Stelia Aerospace designs and manufactures fully equipped aircraft fuselage sections from the nose to the rear, wings and special Work Packages such as the main landing gear bay, A400M ramp door, and helicopter tail boom.

A major portion of the company's business is the design and manufacturing of aerostructures, including complex detailed parts comprising both composite and metallic materials.
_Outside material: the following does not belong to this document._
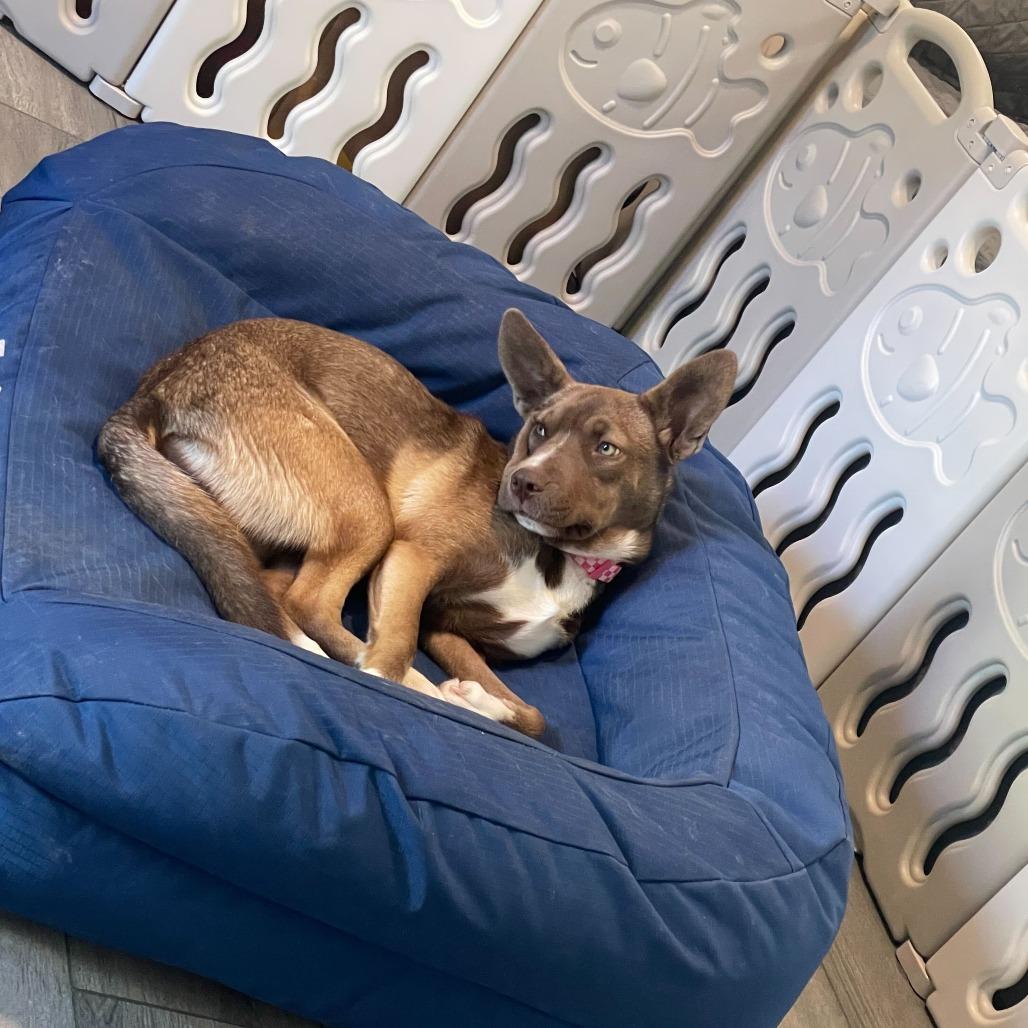 Oakley, a Adoptable mixed breed in Turlock, CA image 4/6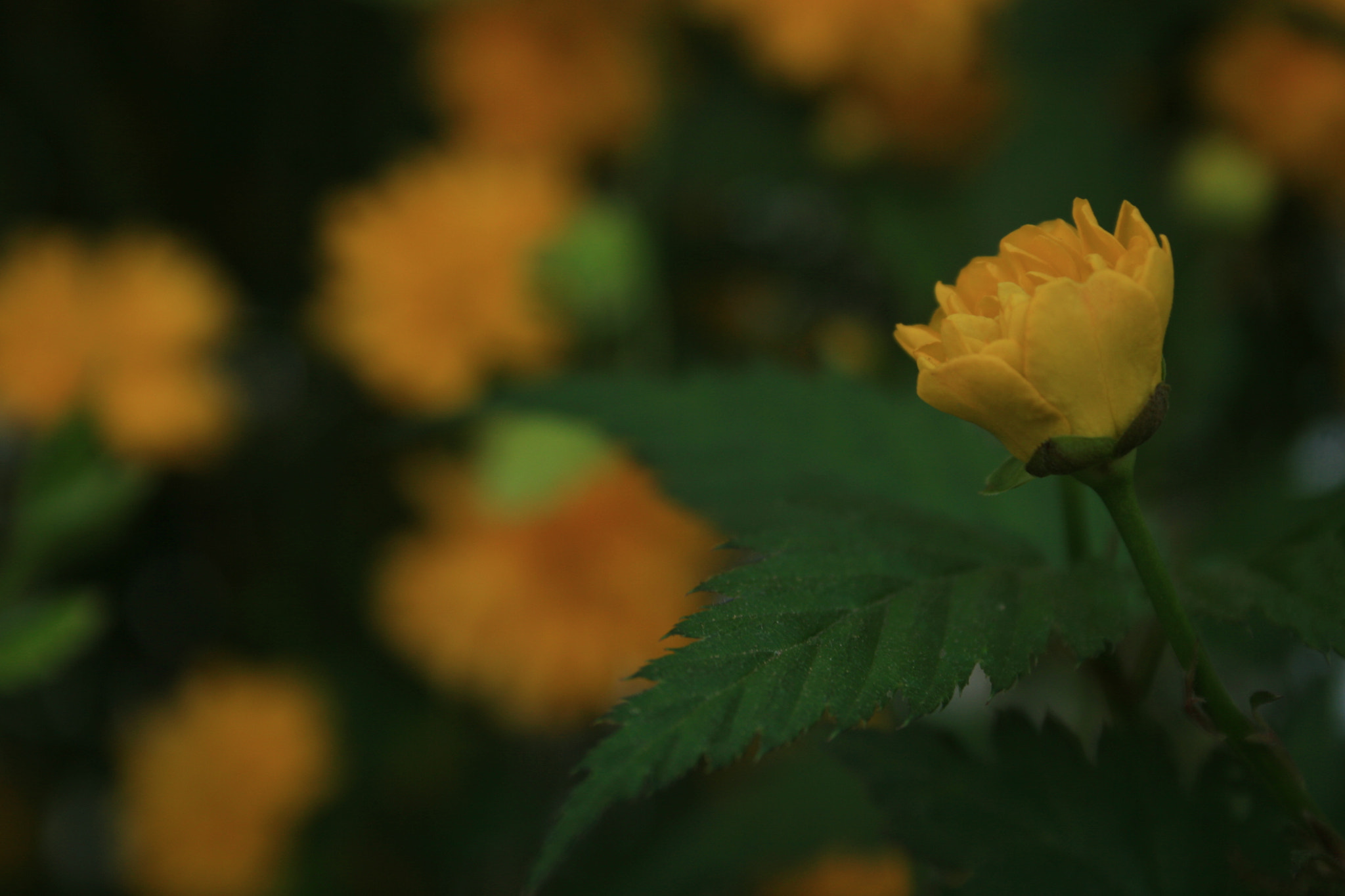 Canon EF-S 18-55mm F3.5-5.6 sample photo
Stelia Aerospace claims that it is one of a small number of companies able to provide a fully equipped section (metallic and/or composite fuselage section, with all the tubes and wiring systems integrated), developing the "plug and fly" concept.

Aircraft components manufactured by Stelia Aerospace include:

- Wings of the ATR family, which are fully equipped and tested up to the final test benches.
- Central section of the Bombardier large business jet Global 7000/8000.
- Various sections of the Airbus A220, such as the cockpit and aft fuselage.
- Elements of the Airbus BelugaXL, including the nose section, cargo door, and upper fuselage with pre-integrated systems (electrical, hydraulic, air conditioning, oxygen, etc.)

== Locations ==
Stelia Aerospace is a global business with 11 worldwide industrial facilities and supporting offices.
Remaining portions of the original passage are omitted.